We have seen countless instances wherein seemingly invincible and indestructible companies get destroyed by others in a short amount of time. For instance, IBM was the computer company in the 1960s, dominating the industry with 80% market share by 1964. But things changed with Apple’s entry. While Apple I model was a moderate success, Apple II left its competition in the dust with wide success.
Why does this happen?
One major reason for these large-scale failures is because the top management becomes over-bureaucratic, and arrogant, setting off a negative tone in the work culture. Sometimes, failure happens because organisational behaviours lead to the companies becoming irrelevant due to missing future trends. This is could possibly be followed by decline and death.
Watch Jeff Bezos explain his take on this in the video below.

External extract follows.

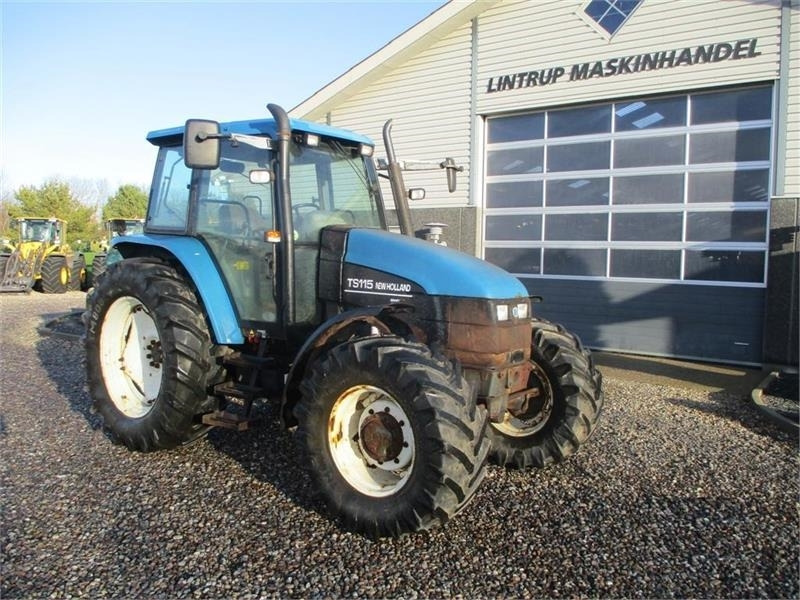 Трактор New Holland TS115 SLE: фото 15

So, how can companies avoid this? The top management of the company should set the tone for embracing adversity, failure, and change. This will foster a risk averse and innovative culture while ensuring the right things are done to maintain its relevance and success in the future. Eric Schmidt, Google’s former CEO and Alphabet Inc’s Executive Chairman, says that the best way to foster an innovative culture is to manage chaos. The 20% time and free food may seem like perks to attract brilliant people to work for them but the actual reasons are a little different. The 20% time allows employees to spend 20% of their professional time on pet projects or solving creative problems, which allow experimentation while they did their jobs. Google Maps was created at this time. The free food program promotes a sense of community and emotional bonding among their employees, which facilitates interaction between all departments and leads to a greater probability of original ideas.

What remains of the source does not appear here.